The vapor compression cycle (VCC) has been developed and optimized over a century to provide cooling in residential and commercial buildings, and transport systems. However, its usage has resulted in unpredicted environmental damage such as depleting the ozone layer and promoting global warming when its refrigerant leaks into the atmosphere. Because of this, it is important to develop a superior technological alternative without the environmental costs. One way to tackle this problem is to develop heat pumping cycles using solid-state refrigerant since a solid is incapable of leaking into the atmosphere. However, a solid-refrigerant cannot flow to deliver cooling the same way a fluid-refrigerant does. This requires a system conceptual redesign, which started with near-room temperature cooling with magnetocaloric materials in 1976 and elastocaloric materials in 2012.

In this work, four different system configurations were studied with the following objectives: 1) maximizing the system’s temperature lift and 2) measuring the cooling capacity as a function of the useful temperature lift of the system when operating as a water chiller. The first configuration was based on the thermowave heat recovery strategy, while the other three were based on a single stage, two-stage and reciprocating variants of the active regeneration cycle. From the studied configurations the thermowave-based cycle achieved a system’s temperature lift of 8 K, at large average strain of 4.5%. It produced a maximum useful temperature lift of 5 K and a maximum cooling capacity of 125 W. All active regeneration-based cycles achieved similar final results while the best results was a system’s temperature lift of 21.3 K at a low average strain of 3.5% and a maximum useful temperature lift of 6.5 K and a maximum cooling capacity between 16 W and 25 W. The advantage of the reciprocating system integration is that it can achieve these results at lower strain than the one- stage and two-stage configurations.
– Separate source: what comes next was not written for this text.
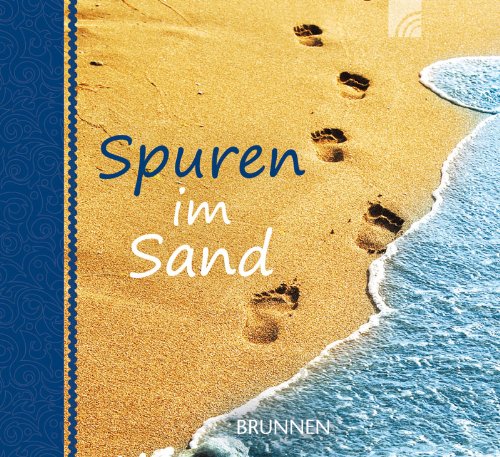 - Spuren im Sand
This dissertation identified a fundamental limitation of the active regeneration cycles using single composition elastocaloric materials. It is due to the fact that the local strain is larger than the average strain where the temperature is lower, which limits the maximum applicable average strain to prevent premature failure. This directly affects both the temperature lift and cooling capacity of the system. Different alternatives to address this issue, as well as how to improve the overall thermal and structural performance of the system within the constraints of the materials commercially available are suggested.